Fraunhofer ILT develops laser-based process for constructing lightweight battery packs

Sept. 11, 2015
Fraunhofer ILT has developed a laser-based process for connecting organic sheets with high-strength steel in battery pack construction.

Aachen, Germany - The Fraunhofer Institute for Laser Technology (ILT) has developed processes that significantly contribute to the reduction of CO2 emissions. For processing high-strength steel, excessive thermal influence and, thus, material damage must be avoided. So, laser cutting and welding, with a small heat-affected zone, are particularly well suited and economically more efficient than the traditional metal cutting processes, as no material wear occurs.

“This process is already being used by Volvo," explains Dr. Alexander Olowinsky. "What is new here, however, is the combination of a plastic/metal compound for use in the car body. Thanks to the connection to the plastic, less steel is required in the application. Higher strength is achieved and the battery case is lighter. Through this process, we ensure that the industry can exploit the full potential of lightweight high-strength steel."

This lightweight battery pack combines high-strength steel and fiber-reinforced plastic. (Credit: Fraunhofer ILT, Aachen)

Fraunhofer ILT has developed a laser-based process for connecting organic sheets with high-strength steel. In the two-step method, a continuously emitting fiber laser at high speed first generates a microstructure in the metal. The structures have an undercut and are 30µm wide and about 100µm deep. In the subsequent joining step, the plastic is pressed against the structure and heated up to the molten phase of the matrix material. The matrix material then flows into the microstructures and locks into the undercut structures. The resulting connection is highly robust, so an additive is unnecessary.

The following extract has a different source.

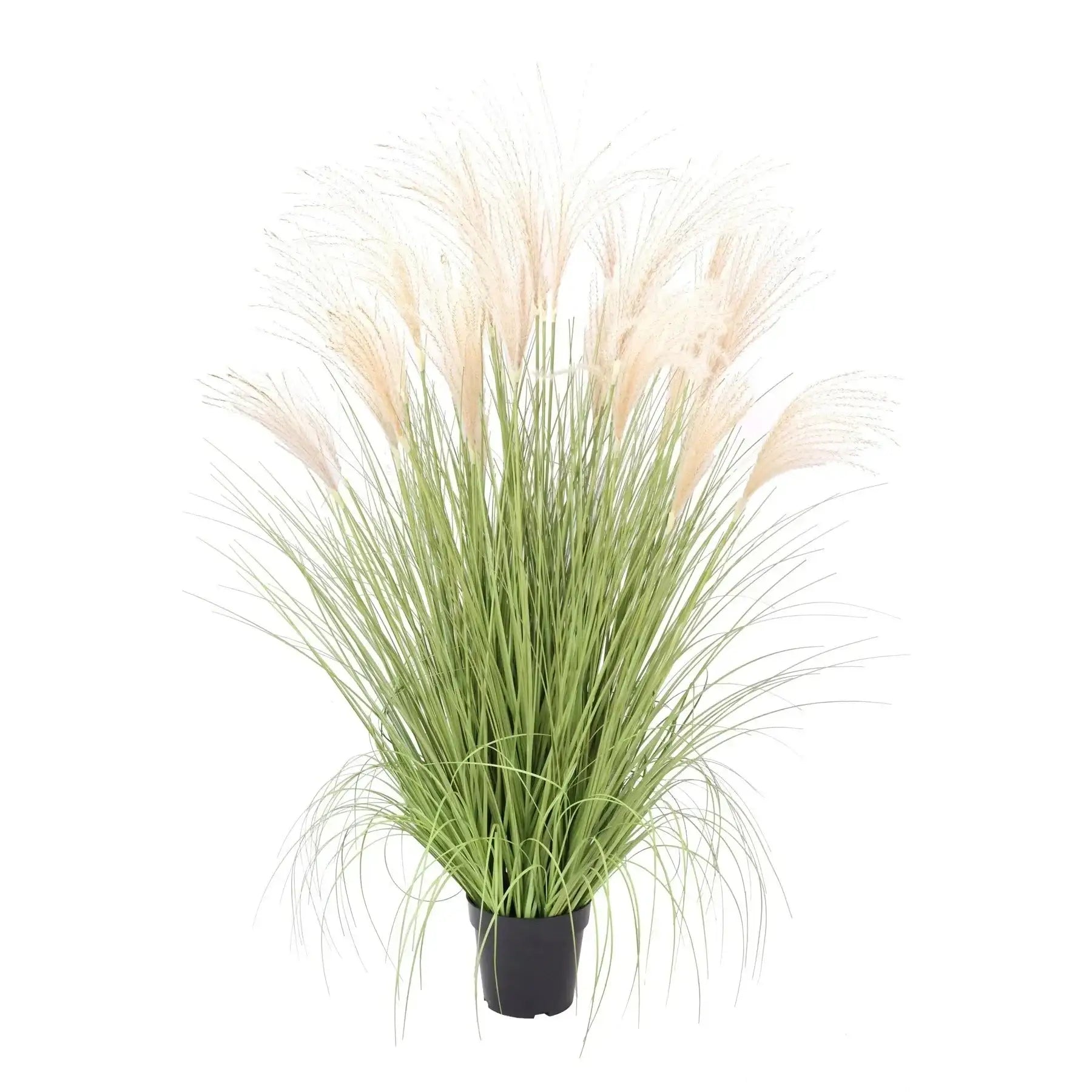 Artificial pampas grass plant in black pot, modern home décor accent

Battery block with hermetically sealed, laser-welded battery cells (Type 18650). (Credit: Fraunhofer ILT, Aachen/Klaus D. Wolf)

To construct complete battery packs, the researchers rely on oscillation welding with laser radiation. Here, individual battery cells (type 18650), which are normally used in power tools and notebooks, are welded together with copper contacts, therefore providing an electrical and thermal connection. The remarkable thing is that the joining at the negative pole also takes place from the top of the cell. In a parallel circuit of 30 cells, a tight space between the battery cells is created by the design of the module and filled with phase change material (PCM) slurry (a mixture of paraffin and water). The use of laser-beam oscillation welding leads to a better control of the welding and, thus, a stable process. Moreover, the method is qualified and suitable for industrial mass production of, for example, power tools.